Archbishop Rallies Faithful For Three-Day Fast Supporting Jan. 6 Detainees

A top Roman Catholic official called for a three-day fast in support of those who are incarcerated for their participation in the Jan. 6 Capitol protest.

Archbishop Carlo Maria Vigano is the former Apostolic Nuncio to the U.S., and he said he will fast from Tuesday through Thursday as a commemoration of the second anniversary of Jan. 6.

In a letter to Human Events, the archbishop detailed his motivation for stepping up and encouraging those detained by the government for their roles in the protest.

Vigano said that he hoped “this initiative will find many adherents, in the spirit of true reparation of the innumerable sins and grave betrayals committed.”

The church official added that “I can only encourage and bless this commendable gesture of penance, to be accompanied by prayer — above all, the Holy Rosary, for the beloved Nation which I had the privilege of knowing during my office as Apostolic Nuncio.”

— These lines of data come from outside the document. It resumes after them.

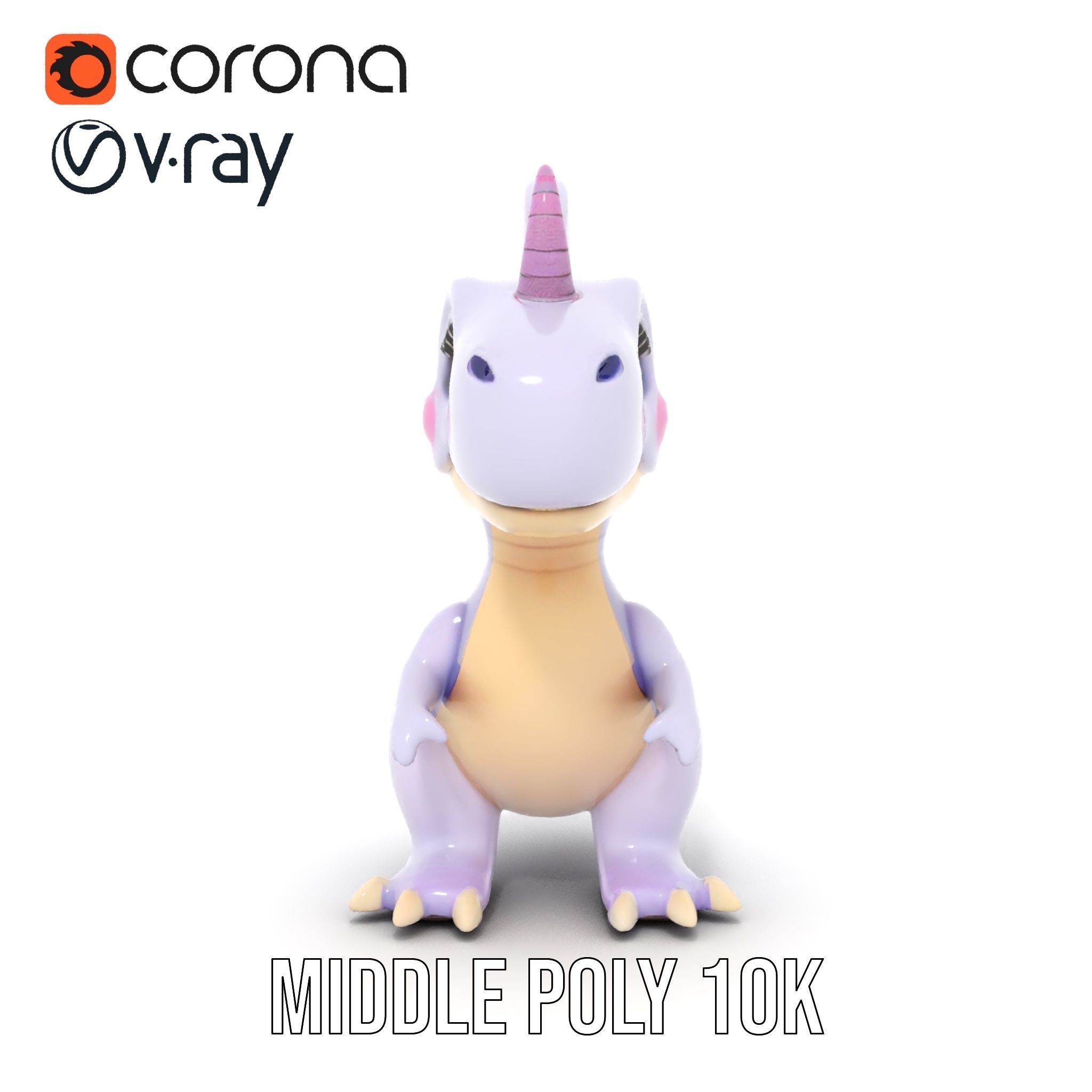 Cute Cartoon Dinosaur Model Pack Low-poly 3D model_21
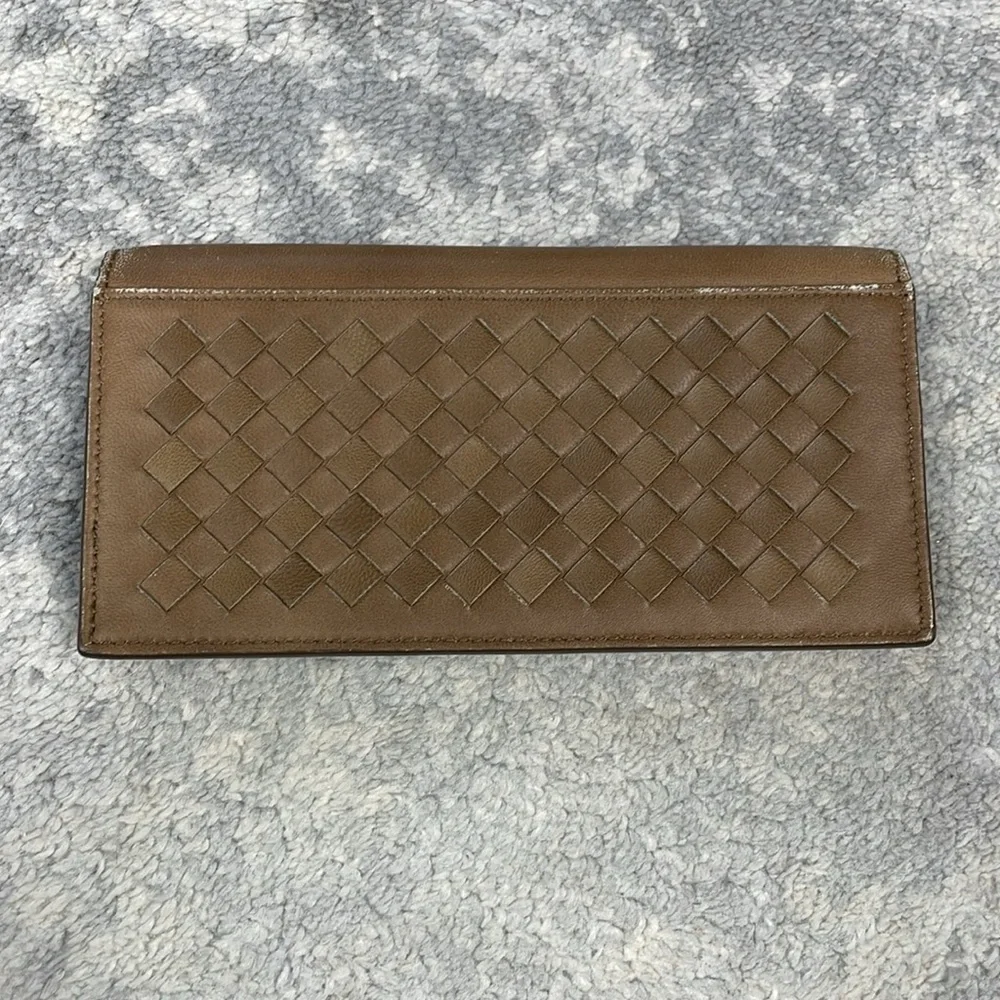 Bottega Veneta Intrecciato Long Wallet Bifold Milk Chocolate Brown Woven Leather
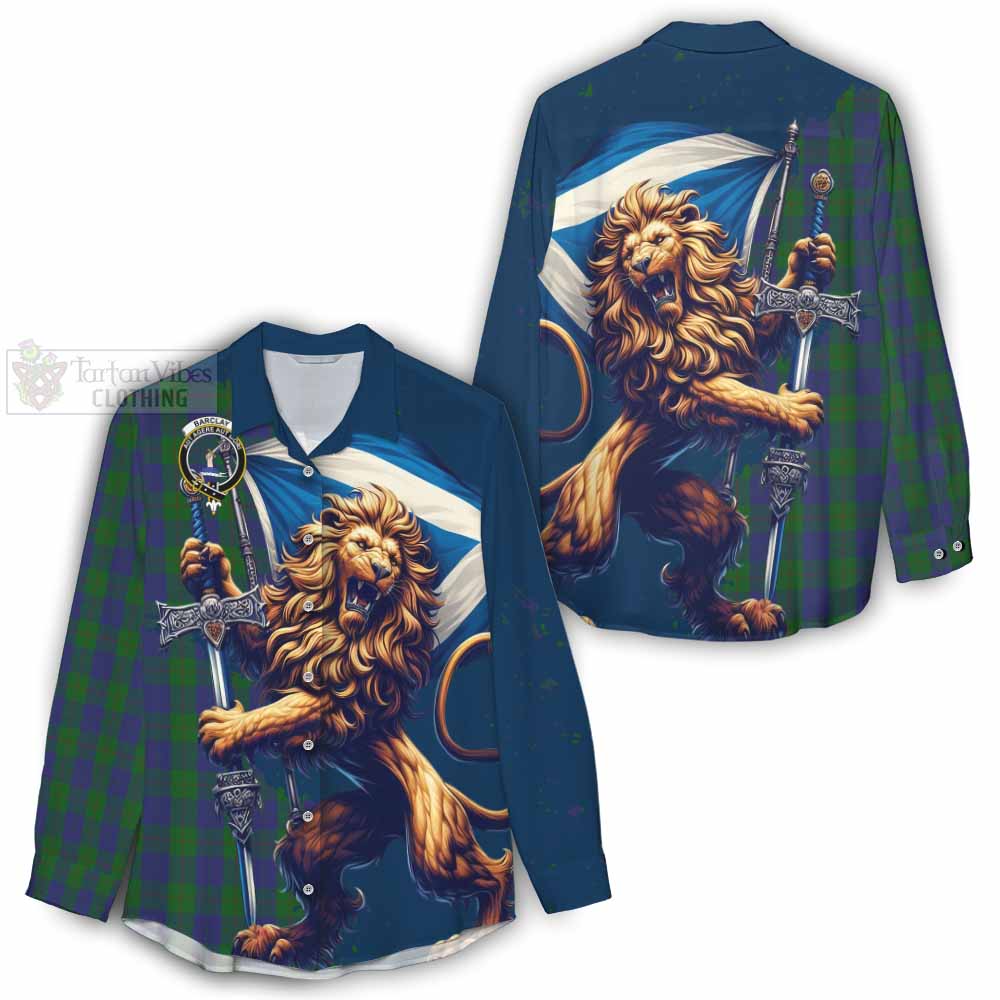 Tartan Vibes Clothing Barclay Tartan Family Crest Women's Casual Shirt with Scottish Majestic Lion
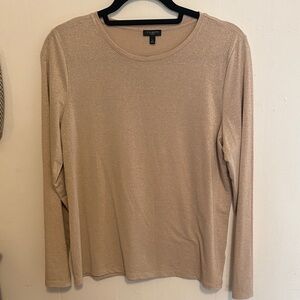 Talbots Metallic Long-Sleeve Crewneck Top - Champagne Gold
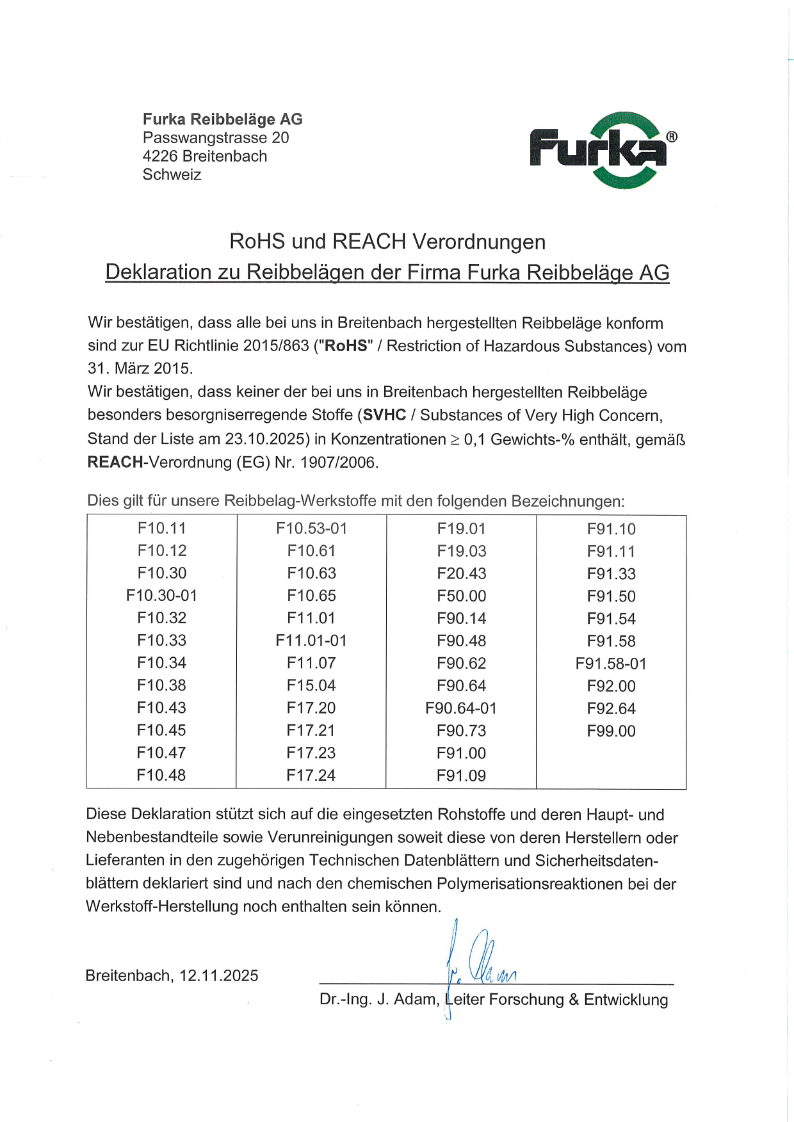 RoHS & REACH Deklarationen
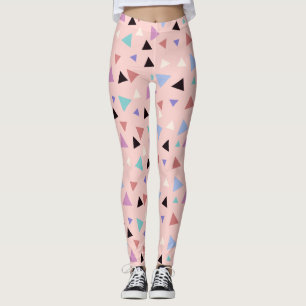 Elegant geometric pattern pink purple mint black leggings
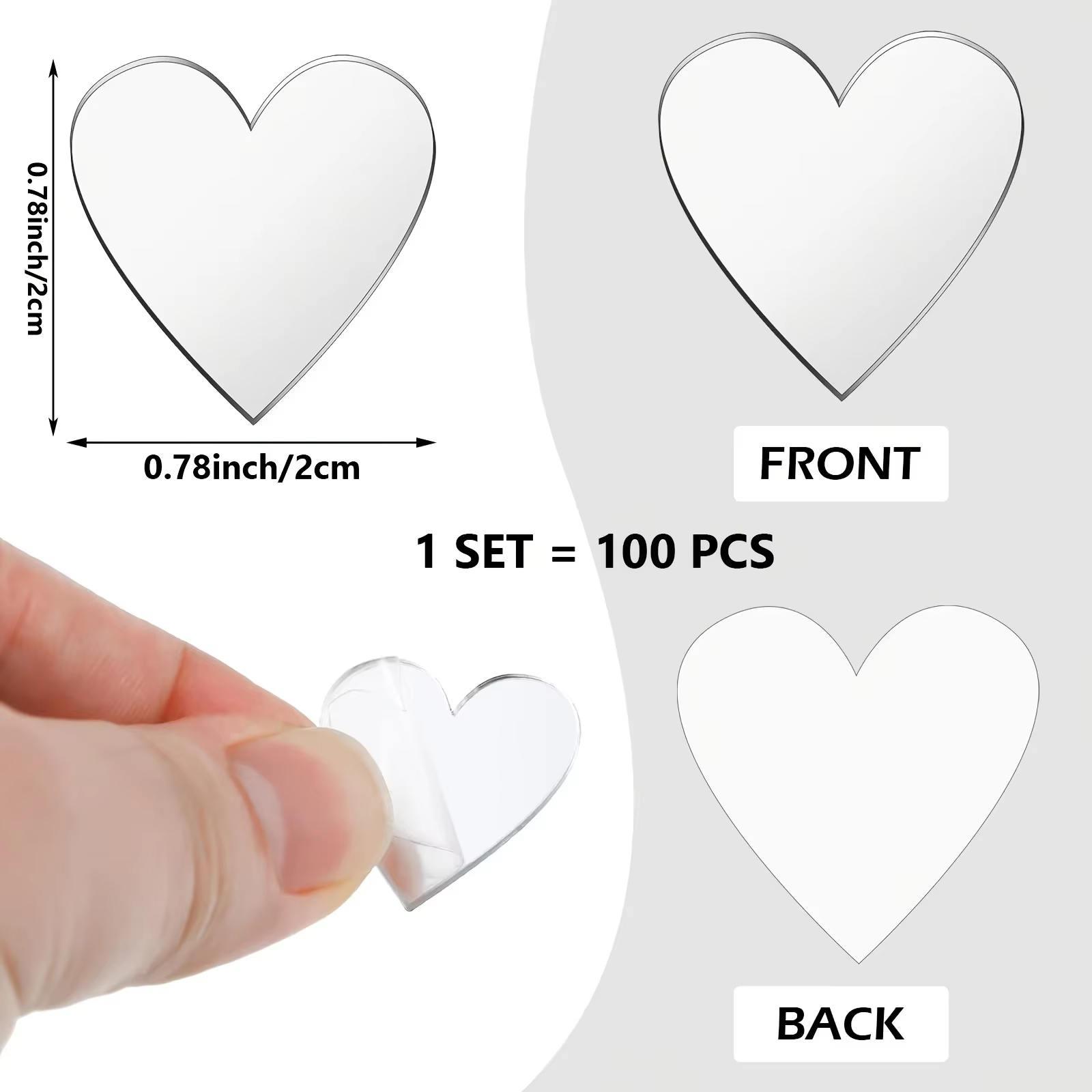 100 pcs/lot 2 cm coeur acrylique miroir autocollant mural rond carré bricolage mur miroir autocollant points stickers muraux décor de fête de mariage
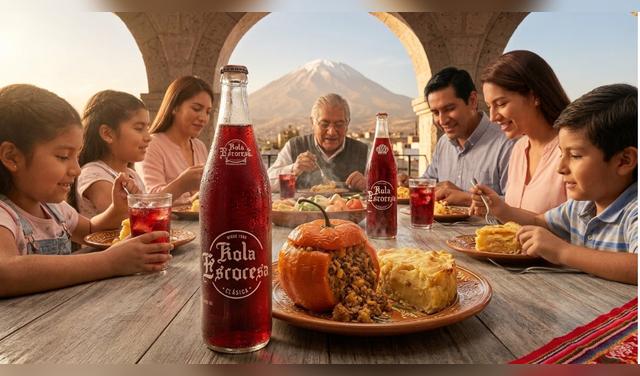 La Kola Escocesa es una bebida tradicional de Arequipa que acompaña a platos como el rocoto relleno y el pastel de papa, y forma parte de la identidad gastronómica y la tradición familiar. Foto: IA La Kola Escocesa es una bebida tradicional de Arequipa que acompaña a platos como el rocoto relleno y el pastel de papa, y forma parte de la identidad gastronómica y la tradición familiar. Foto: IA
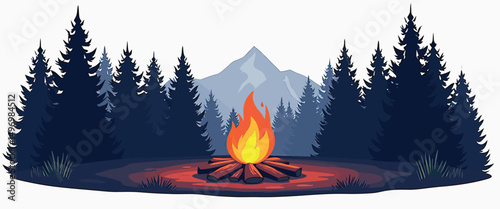 Campfire in forest night vector simple 3d smooth isolated on white background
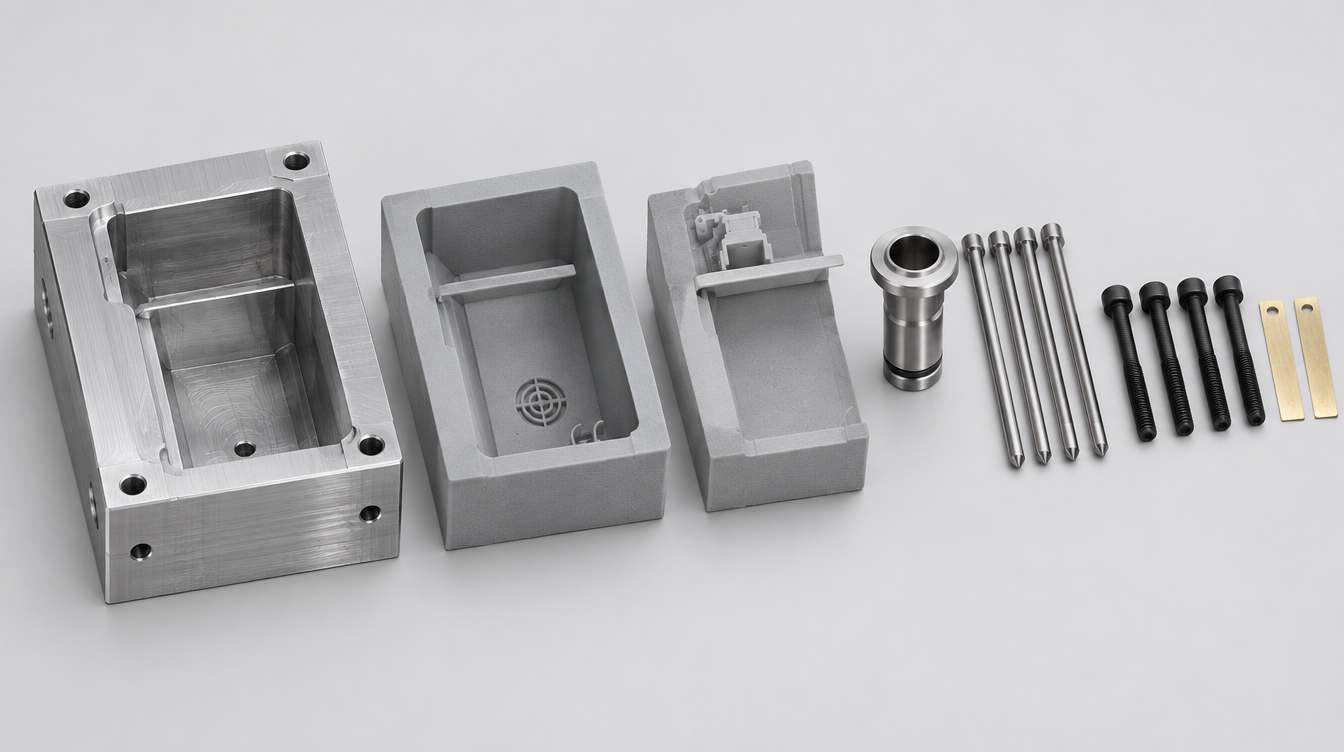 3D Printer Used resin 3D printed mold insert showing wear at the gate and shutoff edge, with molded parts laid out in shot order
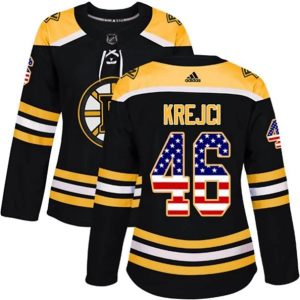 kvinder-NHL-Boston-Bruins-Ishockey-Troeje-David-Krejci-46-Sort-USA-Flag-Fashion-Authentic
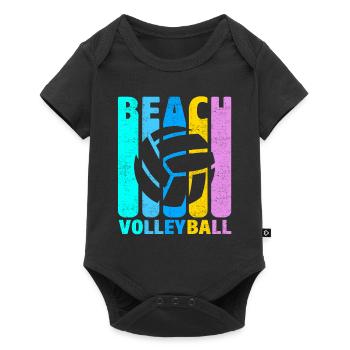 Vintage de volleyball de plage - Body à manches courtes Premium Bébé - noir - Devant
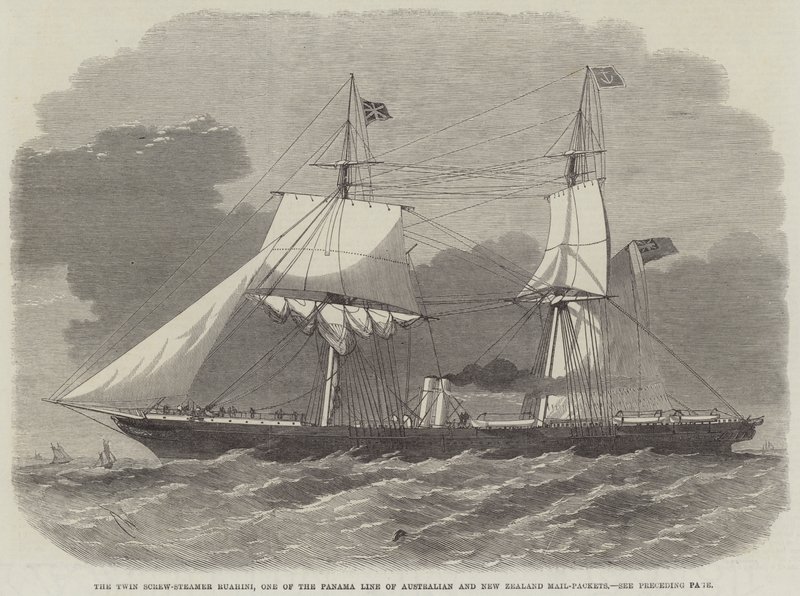 Il gemello a vite Ruahini, una delle navi postali della linea Panama di Australia e Nuova Zelanda da Edwin Weedon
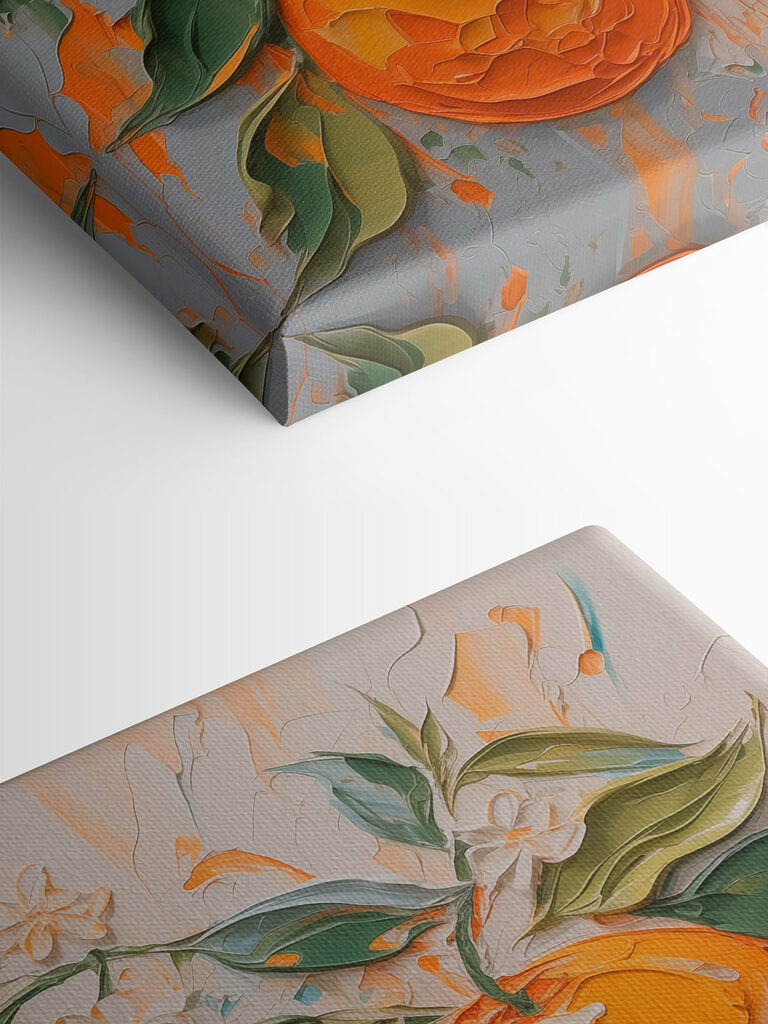 Painting of oranges and leaves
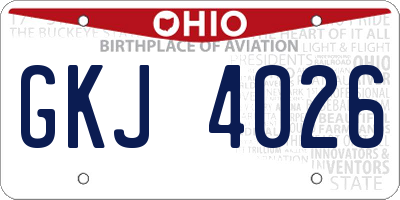 OH license plate GKJ4026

The government has charged 964 people for the events of the day, and 465 already pled guilty to the mostly misdemeanor offenses. However, Human Events reported that hundreds more remain in jails in the Washington, D.C. area pending trial.

Vigano’s plea for fasting was made to attorney Joseph McBride, who has handled the legal defenses for many of the accused.

McBride explained his professional efforts as part of his job as “an American Catholic Civil Rights Attorney.” He said he is tasked to “defend…every January Sixer in the most devoted and intelligent way possible.”

The outspoken archbishop is no stranger to controversy and taking strong stands. He once called President Joe Biden a “self-styled Catholic” over his refusal to adhere to church teachings on abortion and other issues.

He also criticized COVID-19 vaccine mandates.

Vigano made headlines in 2018 when he accused several Vatican officials, including Pope Francis, of covering up accusations made against former Cardinal Theodore McCarrick. The retired archbishop of Washington, D.C. was ultimately expelled from the priesthood for acts against minors.

It is refreshing to see the attention given by a prominent church official to those who continue to languish in jail awaiting trial for their parts in the protest. Archbishop Vigano deserves credit for standing up for the accused, even when most have forgotten their plights and moved on.